In einem Seminar sprach er mal über Tennis. Und beschrieb, wie der Tennissport der Männer bis dato (es war 2002) doch sehr von den „Aufschlagsriesen“ – Goran Ivanisevic und Co. – dominiert wurde. Dominiert in einem Sinne, der dem Sport den Fluß nahm. Damit wollte Figal sich nicht plump ranschmeißerisch als Sport-Fan outen, sondern wohl nur zeigen, wie ernst man die Dinge erst einmal nehmen muss im Zuge des Beschreibens, des genauen Hinschauens. Er schilderte en détail, was den Sport ausmachen konnte – und wie durch das Serve-and-Volley-Spiel in der Nachfolge von Boris Becker, Stefan Edberg und anderen die Attraktivität von Tennis leidlich gemindert worden war.

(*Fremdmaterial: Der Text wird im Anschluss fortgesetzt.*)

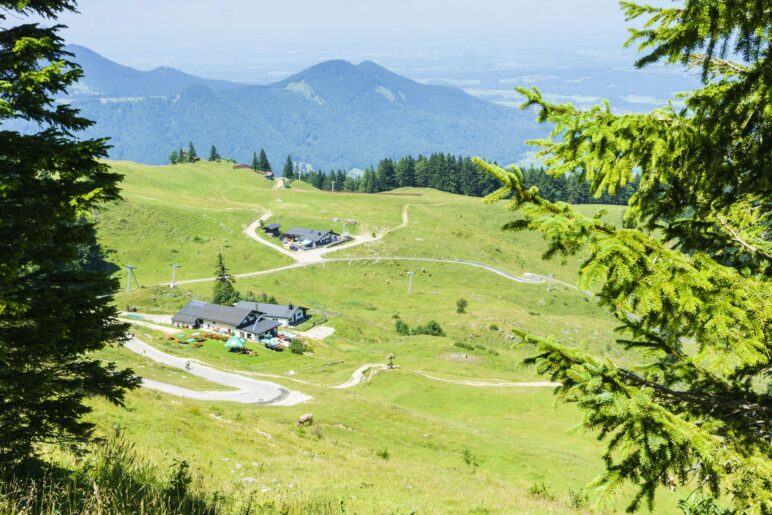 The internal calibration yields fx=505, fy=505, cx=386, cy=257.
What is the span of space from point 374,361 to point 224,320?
2853cm

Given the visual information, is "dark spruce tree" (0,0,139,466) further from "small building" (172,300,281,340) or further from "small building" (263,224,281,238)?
"small building" (263,224,281,238)

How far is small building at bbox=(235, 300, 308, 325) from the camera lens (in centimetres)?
9200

Seitdem versuche ich, beim Beschreiben, beim „Philosophieren“ über Alltagsphänomene genauer zu sein, um den Kern von Eindrücken wirklich meinem Gegenüber vermitteln zu können.

Erst vor ein paar Wochen habe ich ein Projekt abgeschlossen: Ich habe alle meine Notizen und Unterlagen aller Seminare und Vorlesungen, die ich je besucht habe (es waren dann doch einige …), eingescannt und verschlagwortet. Und deshalb konnte ich eben, beim Entdecken der Todesnachricht bezüglich des betrüblichen Ablebens von Günter Figal, meine Unterlagen zu seinen Seminaren sofort wiederfinden.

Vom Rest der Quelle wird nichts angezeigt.